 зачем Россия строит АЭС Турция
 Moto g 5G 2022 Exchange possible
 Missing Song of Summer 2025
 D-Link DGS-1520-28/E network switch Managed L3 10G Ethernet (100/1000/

● Exercise aim
What is wanted is an exact repetition of the lines from the one with "Moto g 5G 2022 Exchange possible" through the last line of the material above, both ends included.

● Response area
 Moto g 5G 2022 Exchange possible
 Missing Song of Summer 2025
 D-Link DGS-1520-28/E network switch Managed L3 10G Ethernet (100/1000/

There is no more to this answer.